***** INPUT DATA *****

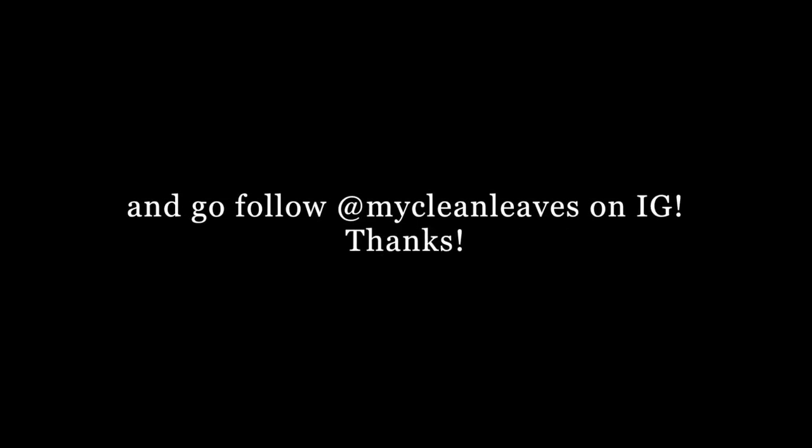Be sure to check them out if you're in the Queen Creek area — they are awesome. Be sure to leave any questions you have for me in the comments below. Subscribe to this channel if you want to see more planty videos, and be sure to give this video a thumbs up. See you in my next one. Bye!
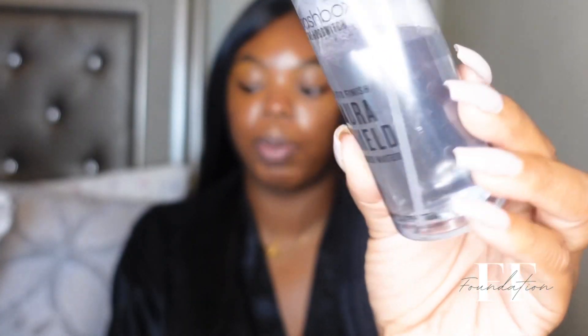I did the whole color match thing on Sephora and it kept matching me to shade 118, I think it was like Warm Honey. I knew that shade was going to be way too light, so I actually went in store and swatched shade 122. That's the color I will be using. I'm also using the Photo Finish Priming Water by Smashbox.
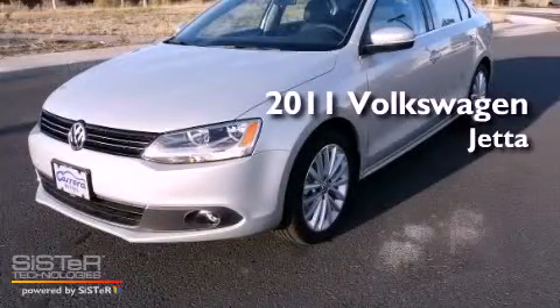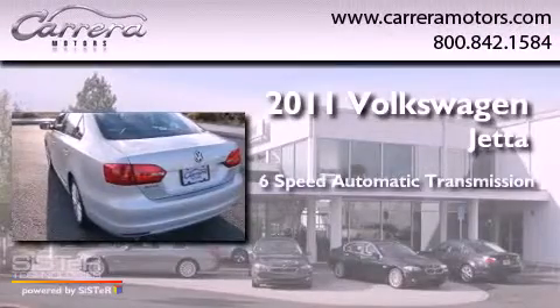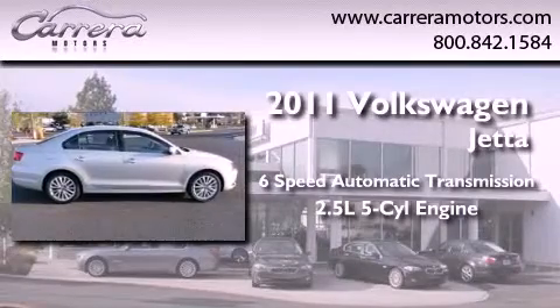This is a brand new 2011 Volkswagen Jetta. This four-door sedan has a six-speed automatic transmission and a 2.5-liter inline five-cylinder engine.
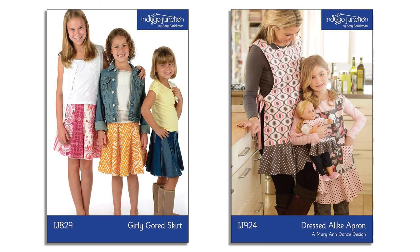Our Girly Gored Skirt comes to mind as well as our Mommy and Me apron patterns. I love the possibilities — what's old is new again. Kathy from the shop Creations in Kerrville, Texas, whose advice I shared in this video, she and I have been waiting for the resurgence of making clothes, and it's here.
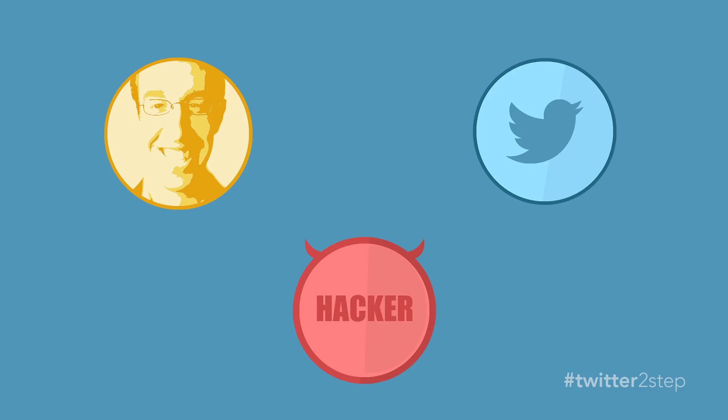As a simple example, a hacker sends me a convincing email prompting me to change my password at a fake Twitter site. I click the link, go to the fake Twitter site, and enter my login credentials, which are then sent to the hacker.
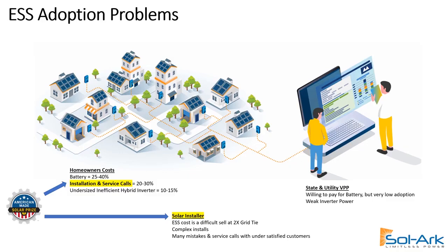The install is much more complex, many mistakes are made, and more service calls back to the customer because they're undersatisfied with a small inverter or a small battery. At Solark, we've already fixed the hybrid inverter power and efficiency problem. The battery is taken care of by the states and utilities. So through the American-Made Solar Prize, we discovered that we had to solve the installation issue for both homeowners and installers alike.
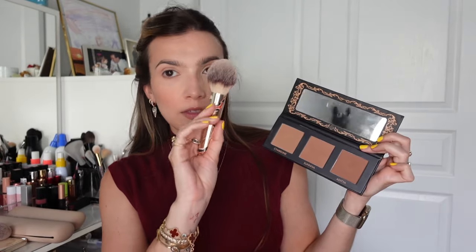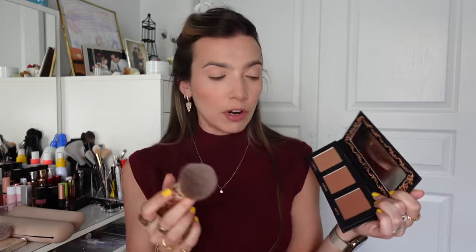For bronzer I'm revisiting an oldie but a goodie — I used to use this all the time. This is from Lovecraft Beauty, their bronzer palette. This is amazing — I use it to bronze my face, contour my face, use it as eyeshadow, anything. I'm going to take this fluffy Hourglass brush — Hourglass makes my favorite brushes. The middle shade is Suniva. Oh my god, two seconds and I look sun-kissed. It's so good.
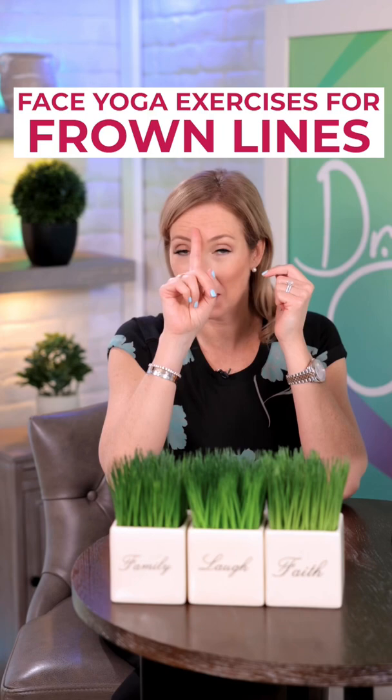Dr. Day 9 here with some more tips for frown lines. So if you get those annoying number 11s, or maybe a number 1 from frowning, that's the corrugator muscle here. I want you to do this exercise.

*****

The line containing "As a simple" and every line after it, up to the last line of the data, should be returned exactly, without the pictures.

As a simple example, a hacker sends me a convincing email prompting me to change my password at a fake Twitter site. I click the link, go to the fake Twitter site, and enter my login credentials, which are then sent to the hacker.
The install is much more complex, many mistakes are made, and more service calls back to the customer because they're undersatisfied with a small inverter or a small battery. At Solark, we've already fixed the hybrid inverter power and efficiency problem. The battery is taken care of by the states and utilities. So through the American-Made Solar Prize, we discovered that we had to solve the installation issue for both homeowners and installers alike.
For bronzer I'm revisiting an oldie but a goodie — I used to use this all the time. This is from Lovecraft Beauty, their bronzer palette. This is amazing — I use it to bronze my face, contour my face, use it as eyeshadow, anything. I'm going to take this fluffy Hourglass brush — Hourglass makes my favorite brushes. The middle shade is Suniva. Oh my god, two seconds and I look sun-kissed. It's so good.
Dr. Day 9 here with some more tips for frown lines. So if you get those annoying number 11s, or maybe a number 1 from frowning, that's the corrugator muscle here. I want you to do this exercise.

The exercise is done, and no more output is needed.